══ SUPPLIED DATA ══

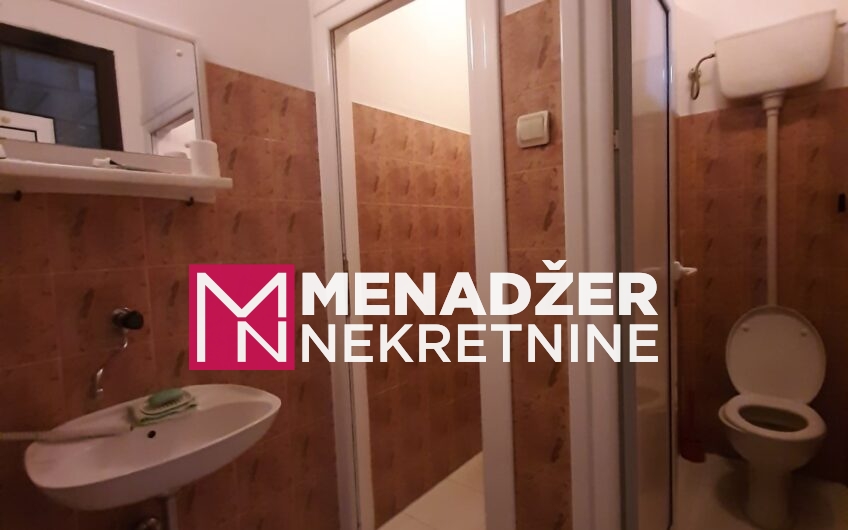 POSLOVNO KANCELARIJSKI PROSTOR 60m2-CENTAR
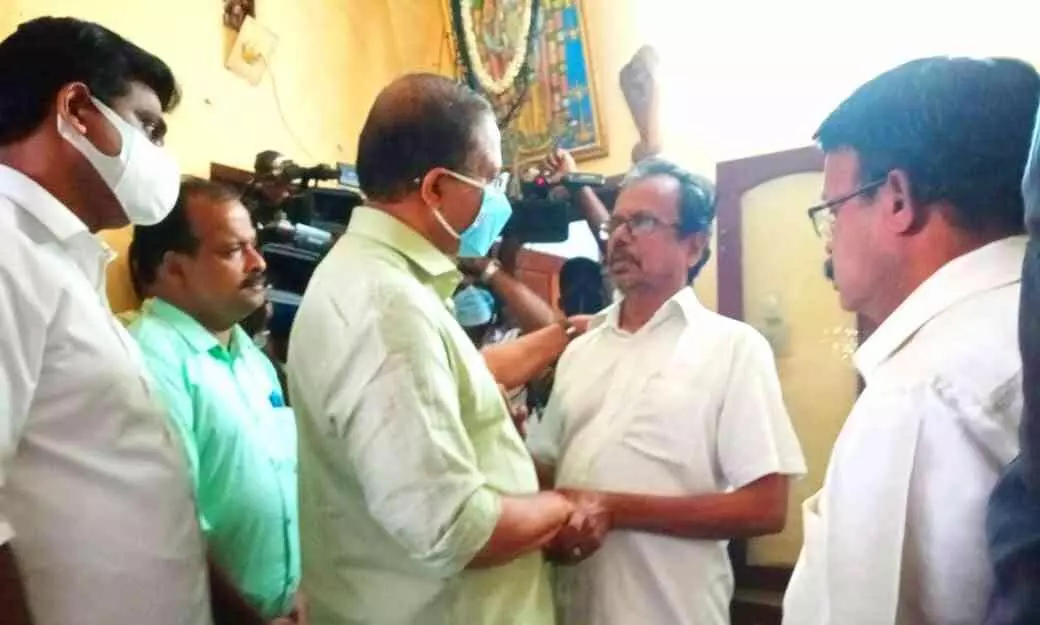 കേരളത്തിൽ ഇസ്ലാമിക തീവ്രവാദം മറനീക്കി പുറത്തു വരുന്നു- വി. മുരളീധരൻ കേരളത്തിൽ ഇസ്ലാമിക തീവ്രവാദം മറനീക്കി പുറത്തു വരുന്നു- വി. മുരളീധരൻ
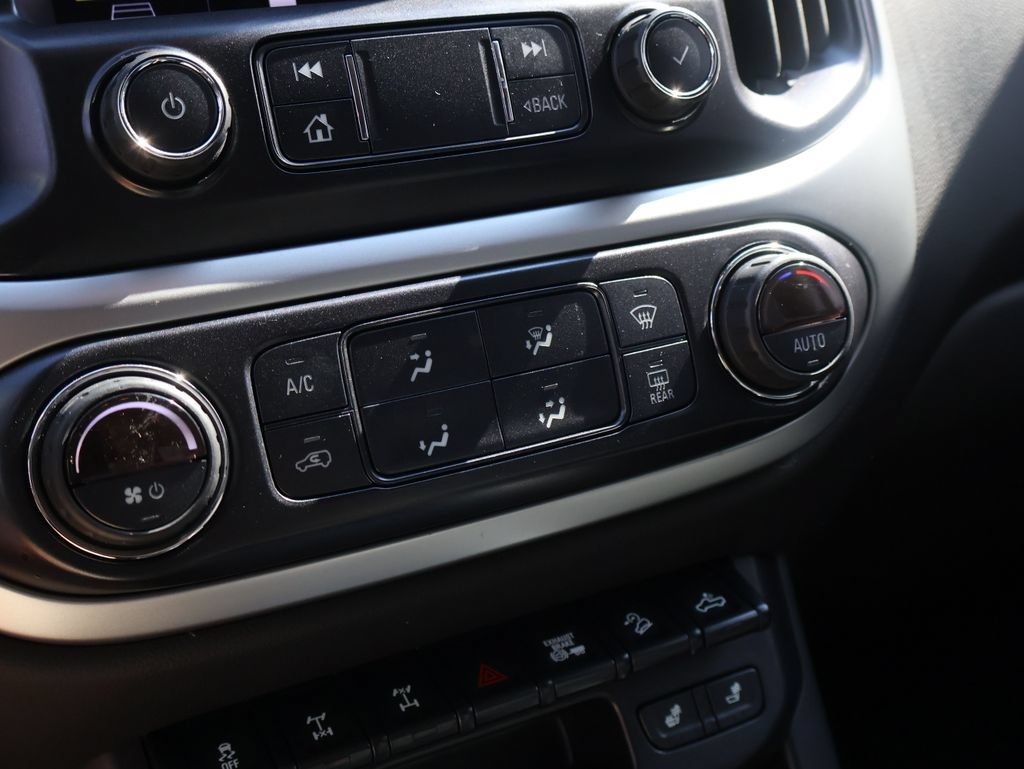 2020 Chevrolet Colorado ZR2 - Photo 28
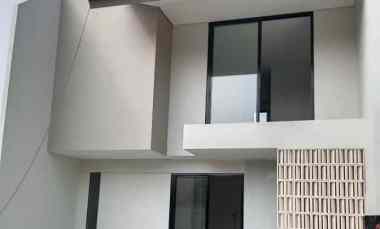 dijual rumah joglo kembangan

═══
══ SUPPLIED DATA ══

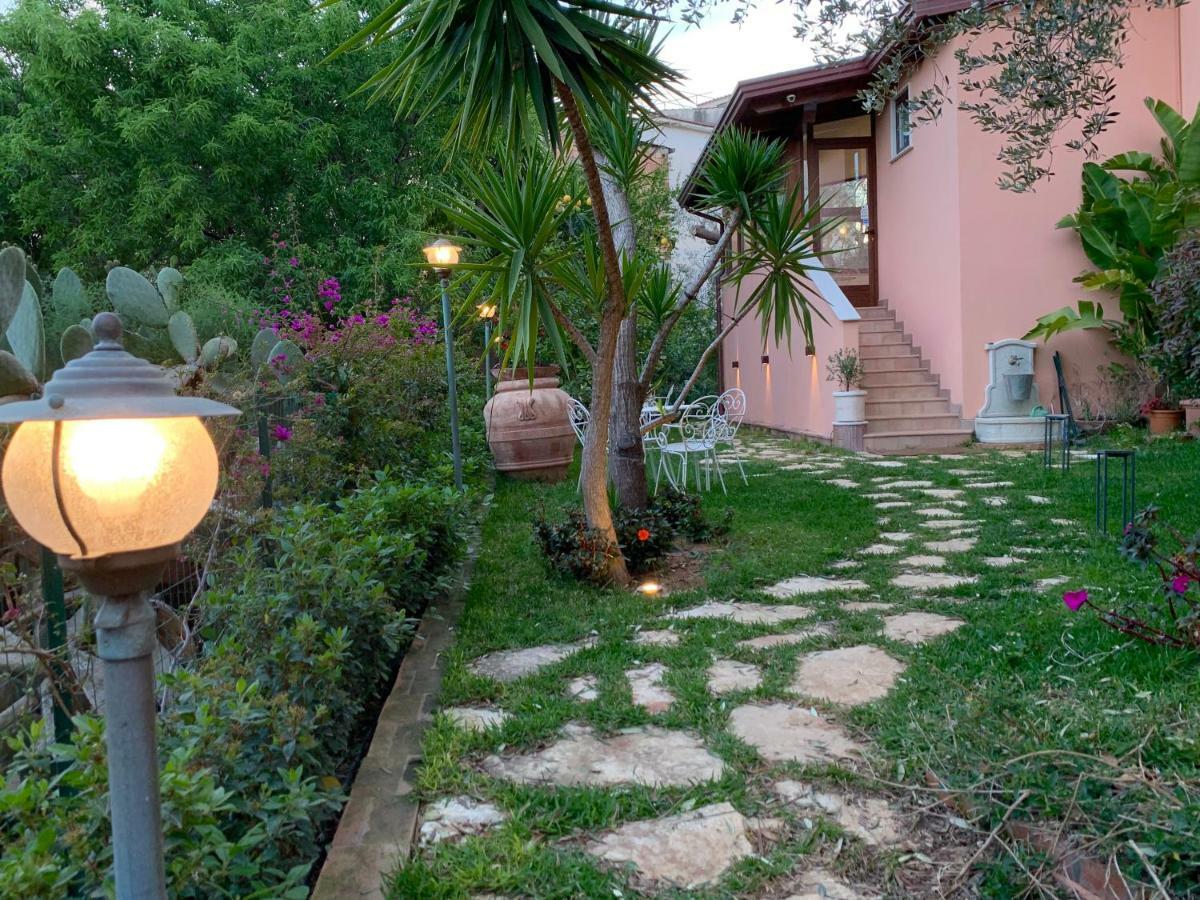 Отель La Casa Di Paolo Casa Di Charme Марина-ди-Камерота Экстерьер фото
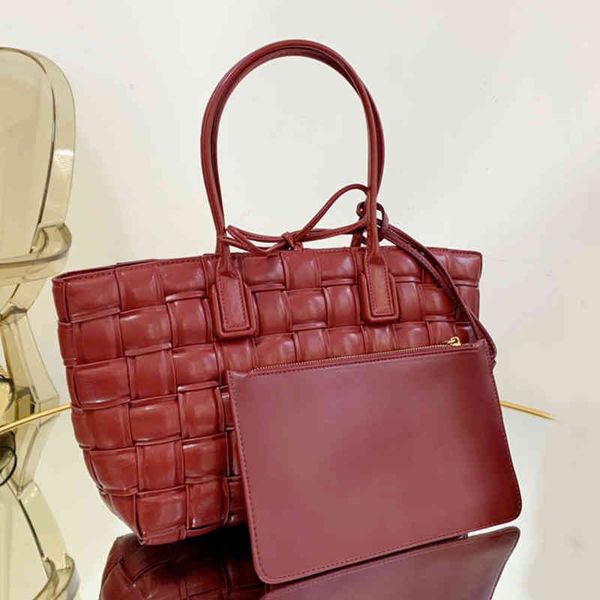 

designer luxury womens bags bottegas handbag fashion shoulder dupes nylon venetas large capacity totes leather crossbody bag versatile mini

═══

**WHAT YOU SHOULD DO**
Above are the records; return the lines in them from the one with "POSLOVNO KANCELARIJSKI PROSTOR 60m2-CENTAR" to the one with "dijual rumah joglo kembangan", inclusive, exactly and without images.

**RESPONSE**
 POSLOVNO KANCELARIJSKI PROSTOR 60m2-CENTAR
 കേരളത്തിൽ ഇസ്ലാമിക തീവ്രവാദം മറനീക്കി പുറത്തു വരുന്നു- വി. മുരളീധരൻ കേരളത്തിൽ ഇസ്ലാമിക തീവ്രവാദം മറനീക്കി പുറത്തു വരുന്നു- വി. മുരളീധരൻ
 2020 Chevrolet Colorado ZR2 - Photo 28
 dijual rumah joglo kembangan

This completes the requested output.